Tim Cook, the subdudes’ new percussionist, occasional bassist and low-harmony singer, had been among the first mesmerized by the subdudes when they showed up in Colorado in 1987. Taking on the role of road manager during the Annunciation tour, he moved the band toward bigger, better paying gigs. But the internal acrimony finally began to show, and the uneven Primitive Streak was released in 1996 to mixed reviews. Finally, the strife became unbearable, and disillusion turned to dissolution. They did a final tour during which they recorded 1997’s bittersweet Live at Last, with Cook as the reluctant-but-loving producer.
Afterward, Malone formed Tiny Town with Allen and they signed with the upstart, would-be-major Pioneer Records. But the label folded just three months after the band’s album was released. Magnie, Amedée and Cook formed the Three Twins in Colorado. Around this time, Malone quit Tiny Town and created a trio himself, the Tommy Malone Band, and did a solo record distributed out of Louisiana. That, he says, was, “a lonely process.”
When Malone needed a rhythm section, he called up his old friend Jimmy Messa, a world-class bass player who was just finishing up a tour himself. Messa and drummer Sammy Neal joined Malone on the road.

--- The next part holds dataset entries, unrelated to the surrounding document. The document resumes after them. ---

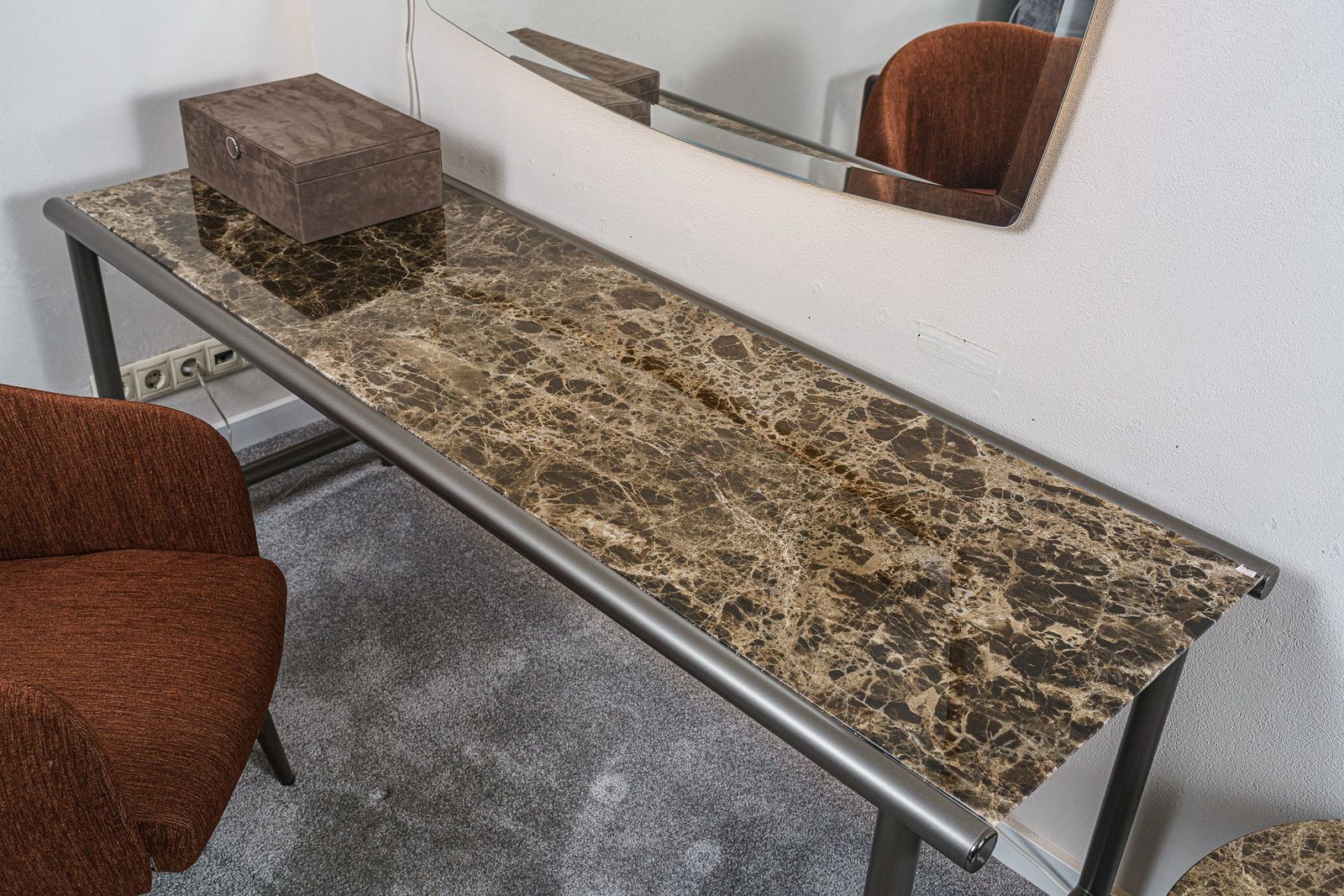 Flou Консоль Iko Emperador Marble от Flou — в интерьере
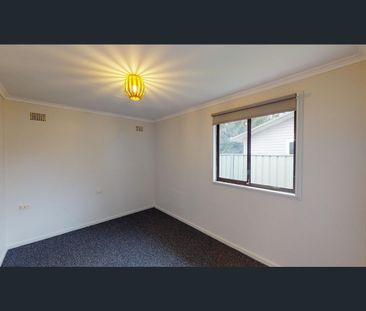 3 BEDROOM HOME FOR LEASE - Photo 2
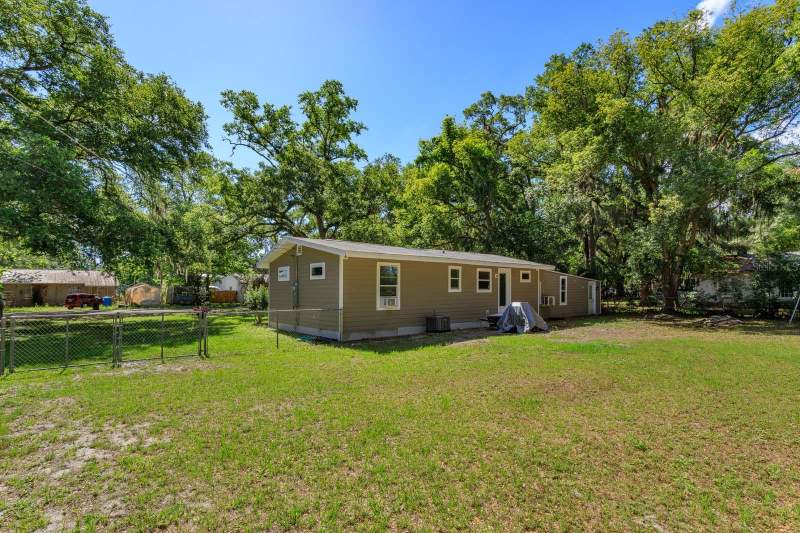 4 bedroom Single Family Residence at 2820 MAGNOLIA AVENUE, EVANS SUB, SANFORD — photo 5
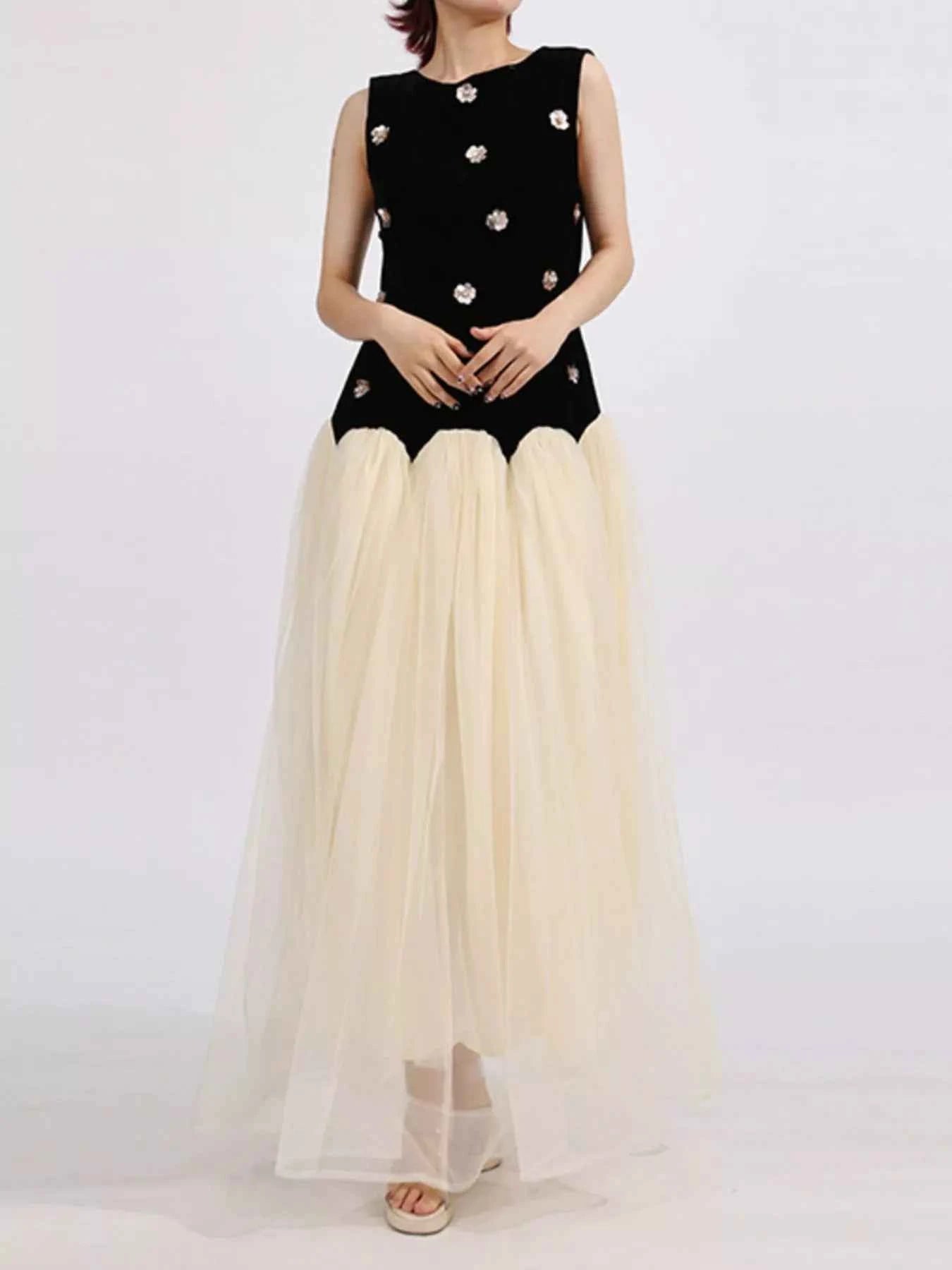 Contrast Flower Sleeveless Tulle Maxi Dress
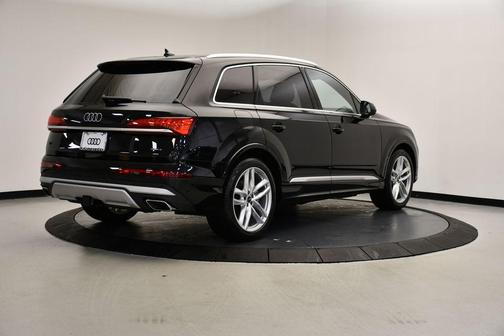 2025 Audi Q7 55 Premium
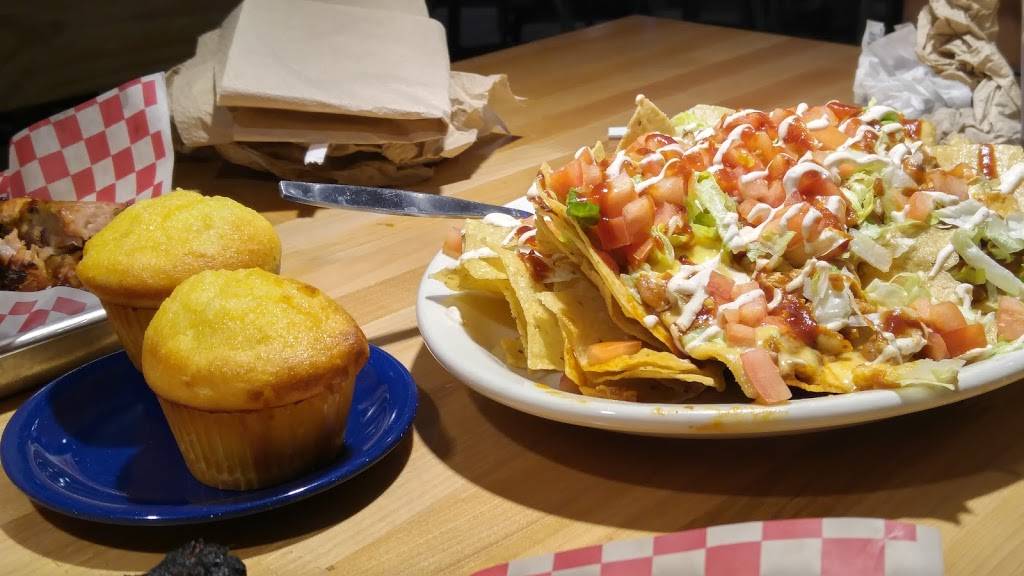 Famous Daves Alameda | restaurant | 2690 5th St Ste B, Alameda, CA 94501, USA | 5107643786 OR +1 510-764-3786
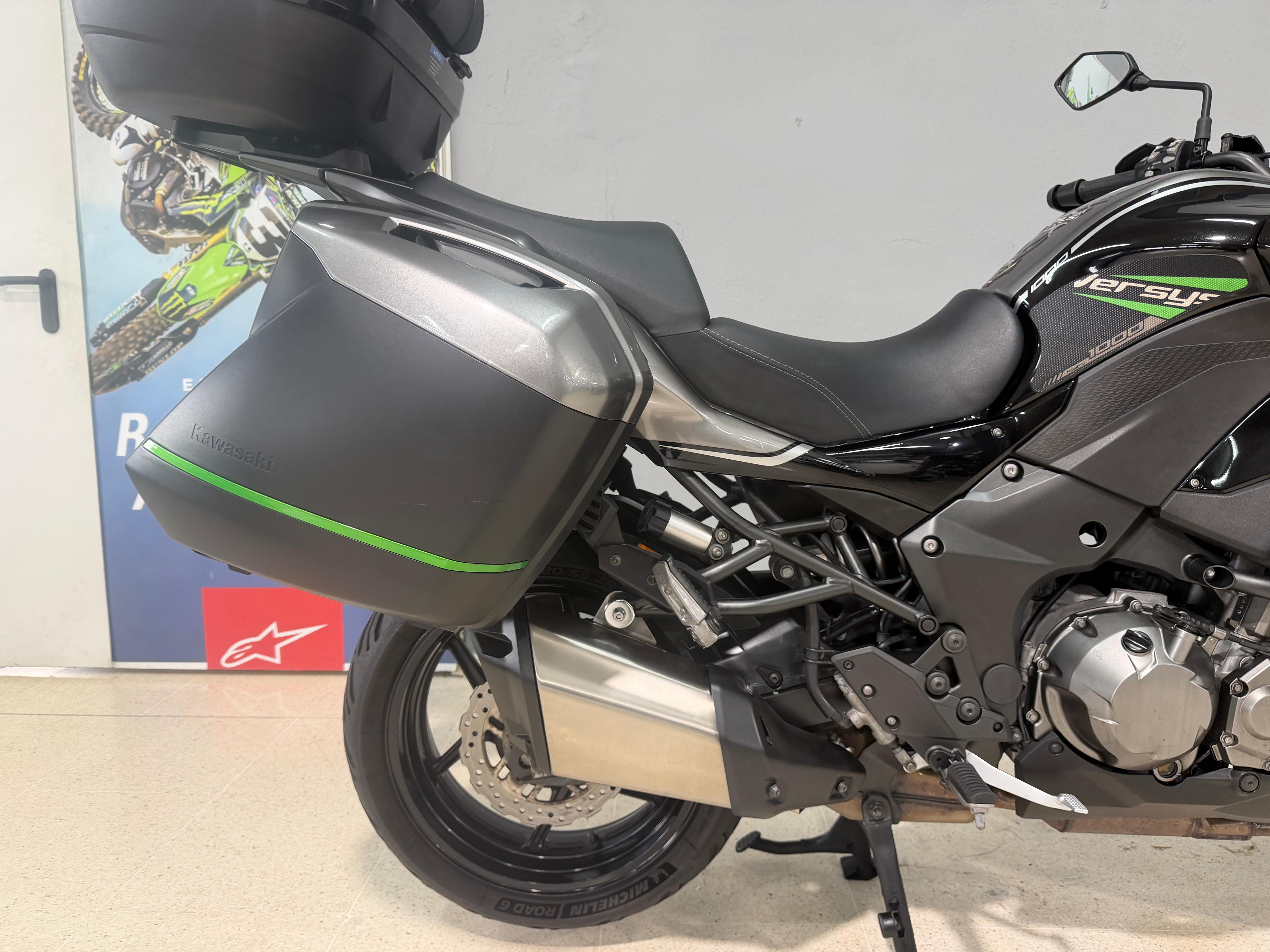 Foto 1 de KAWASAKI VERSYS 1000 S Imagen de KAWASAKI VERSYS 1000 S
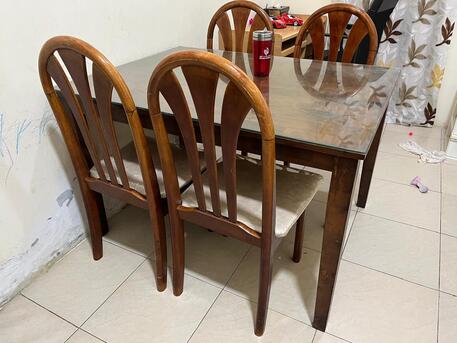 East Riffa, Furniture, BHD 35,  Dining Table With 4 Chairs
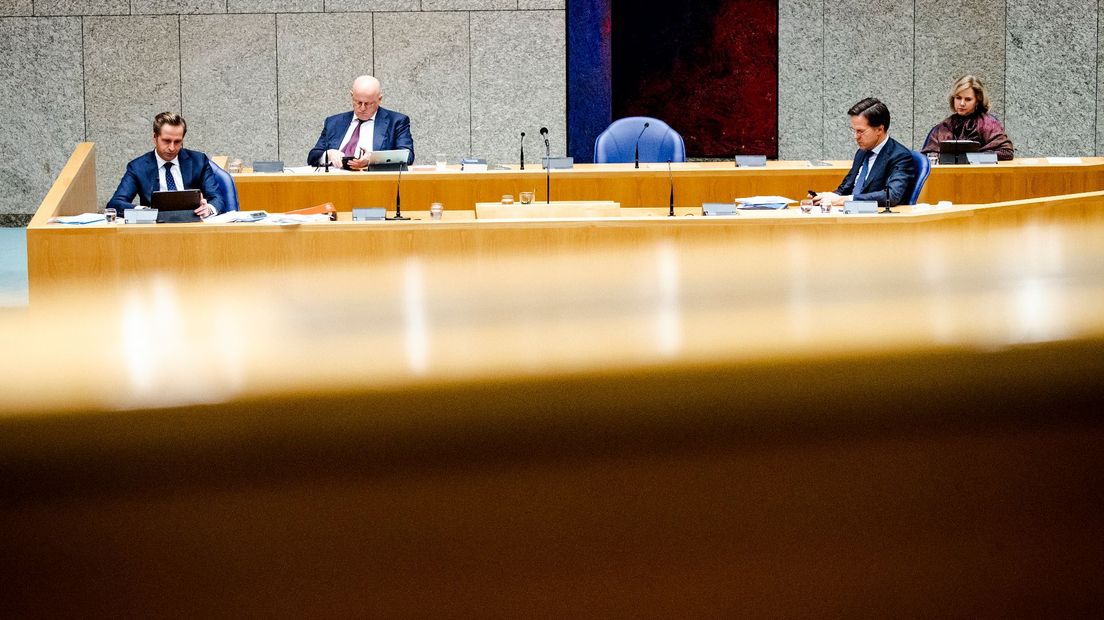 Premier Rutte en een aantal ministers tijdens het debat over de avondklok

In 2001, with a gig scheduled at the Soiled Dove in Denver, Malone invited Magnie to come sit in, and when he did, all were reminded of the old subdudes’ magic. “We had a good house that night,” recalls Messa. “Everybody was loving it. But then when Tommy said, ‘We’re gonna have a friend come up and sit in with us,’ and John came up on stage, the crowd went crazy, and I could see people pulling out their cell phones, calling their friends. Almost immediately, the place was packed.”
It’d been five years, but the fans had remembered. So with renewed enthusiasm the two trios merged as “the dudes.”
Acknowledging that the tambourine was one of the signature sounds of the subdudes, and that the name still held sway with fans and concert bookers, the dudes made the painful decision to let the talented Neal go, and to buy out Allen’s share of the name. To fill out the sound, they added a kick drum for Amedée, and a floor tom for Cook. The five gathered at Malone’s house in Mississippi and Cook’s house in Colorado for writing sessions and reverie in between gigs, and the good times, they were really rolling now. With interest from four significant indie labels, the subdudes, armed with more than an album’s worth of material, signed with Milwaukee-based Back Porch records, a subsidiary of EMI’s Narada. Anxious to get going, they set up camp at Warren Dewey’s (Little Feat; Earth, Wind & Fire) studio in Santa Monica, Calif., and recorded Miracle Mule live to analog—with very few overdubs—in two weeks.
Miracle Mule is more than a dazzling, delicious return to everything beloved about the subdudes; it’s an aural testament to growth of talent, to deepening musicianship and chemistry. A fan at a recent show in Asheville may have said it best: “I would never have believed they could get better, because I thought they were perfect back then. But they are better. They sing better, they play better. The new songs knock me out.”
And if AAA radio missed out on the subdudes the first time around, it isn’t making the same mistake again. “Morning Glory,” Miracle Mule’s opening cut and debut single, became the most added song to the format’s playlist during the last week of March.
The song itself is the perfect choice to announce the band’s return. It’s quintessentially subdudes: a monster groove; Malone’s heart-pounding tenor soaring; Messa’s creamy, melodic bass; Magnie’s poetic voice and fingers; accordion and tambourine; Cook’s low pipes enriching the organic harmonies. The lyrics even evoke the band’s attitude now—a positive, if somewhat wary, take on life, love and spiritual connection.
“I’m at a much better place in my life,” says Malone, and it’s obvious he speaks for all. “Clearer, more awake, really dedicated to being a better musician. And we have, really, all the tools we need with this combination, to go into more interesting territory. Even subtle things, within us all; it’s more interesting to me. I think we’re just scratching the surface, really. There’s more to come.”